DATA SHOWN:
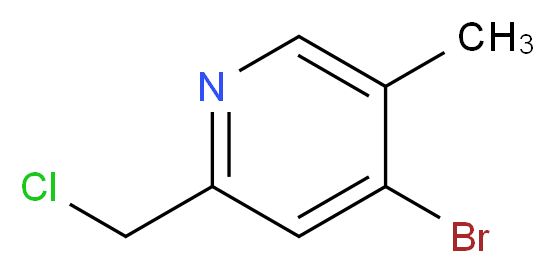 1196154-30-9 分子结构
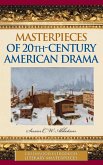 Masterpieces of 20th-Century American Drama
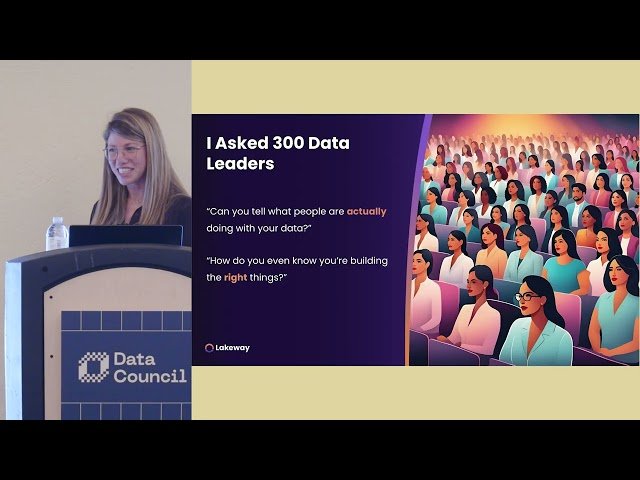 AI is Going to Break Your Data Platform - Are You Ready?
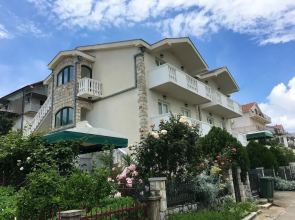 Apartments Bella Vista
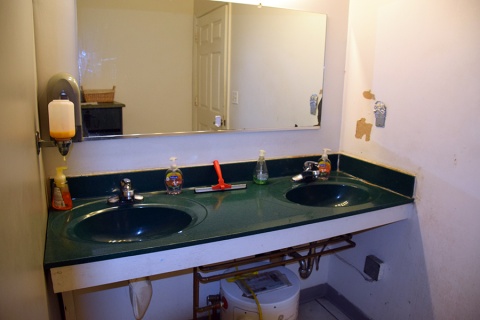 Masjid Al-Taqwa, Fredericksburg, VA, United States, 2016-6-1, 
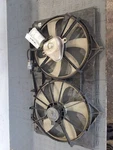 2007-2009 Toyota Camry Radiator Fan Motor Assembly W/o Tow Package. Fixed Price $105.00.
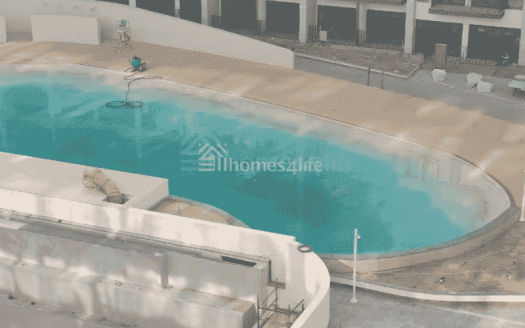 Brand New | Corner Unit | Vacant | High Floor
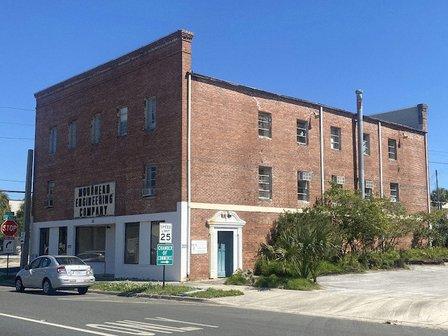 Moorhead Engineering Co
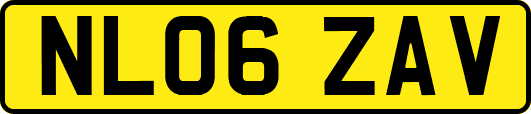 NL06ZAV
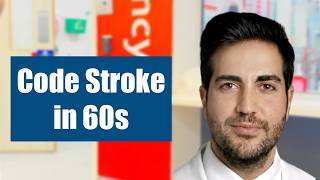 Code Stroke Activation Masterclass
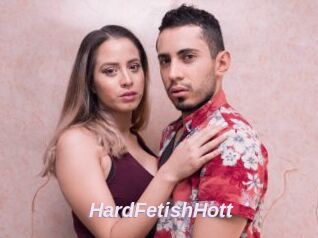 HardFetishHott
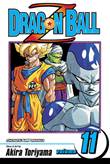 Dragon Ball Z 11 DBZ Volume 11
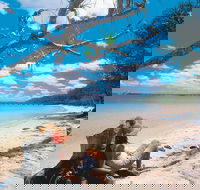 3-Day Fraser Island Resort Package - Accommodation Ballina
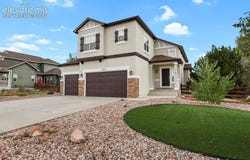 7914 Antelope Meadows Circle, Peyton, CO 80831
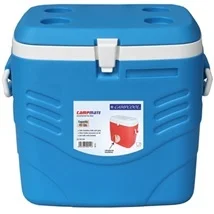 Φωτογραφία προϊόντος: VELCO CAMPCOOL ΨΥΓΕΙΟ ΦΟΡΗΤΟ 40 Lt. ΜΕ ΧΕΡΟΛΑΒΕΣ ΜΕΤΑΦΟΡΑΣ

* * *

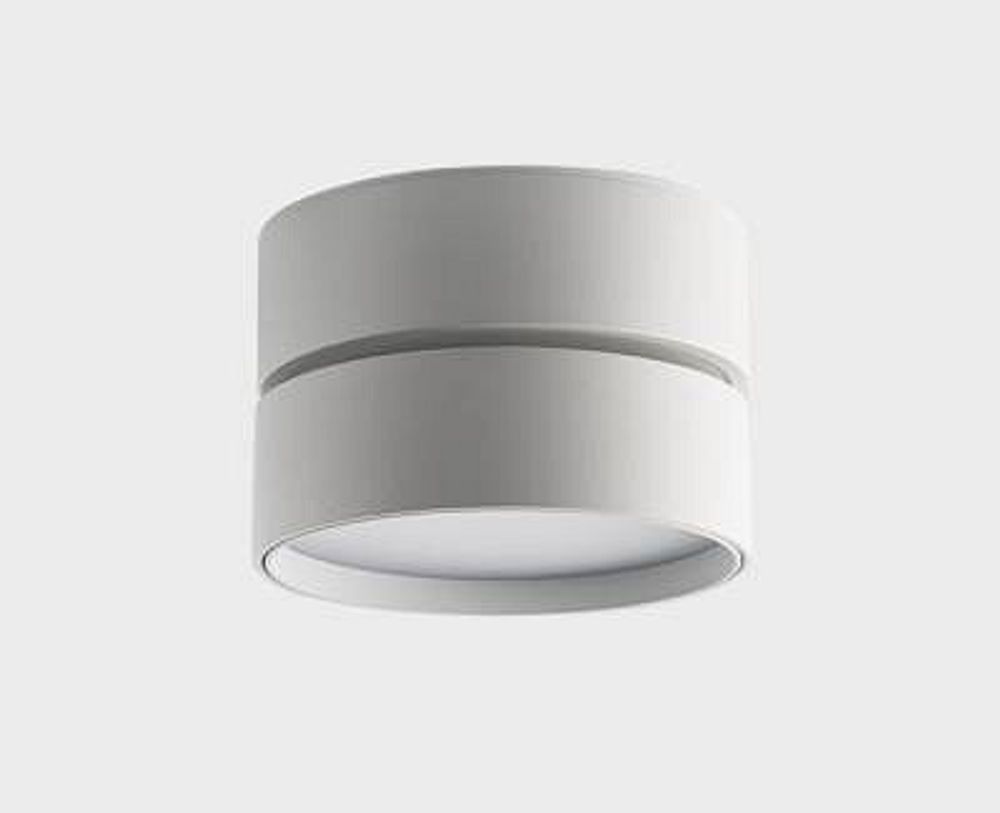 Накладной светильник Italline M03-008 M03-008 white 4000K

WHAT IS NEEDED:
Starting with the line that has "Dragon Ball Z 11 DBZ Volume 11" and going on through the line that has "Φωτογραφία προϊόντος: VELCO", transcribe the records above exactly, but skip the pictures.

WRITTEN RESPONSE:
 Dragon Ball Z 11 DBZ Volume 11
 3-Day Fraser Island Resort Package - Accommodation Ballina
 7914 Antelope Meadows Circle, Peyton, CO 80831
 Φωτογραφία προϊόντος: VELCO CAMPCOOL ΨΥΓΕΙΟ ΦΟΡΗΤΟ 40 Lt. ΜΕ ΧΕΡΟΛΑΒΕΣ ΜΕΤΑΦΟΡΑΣ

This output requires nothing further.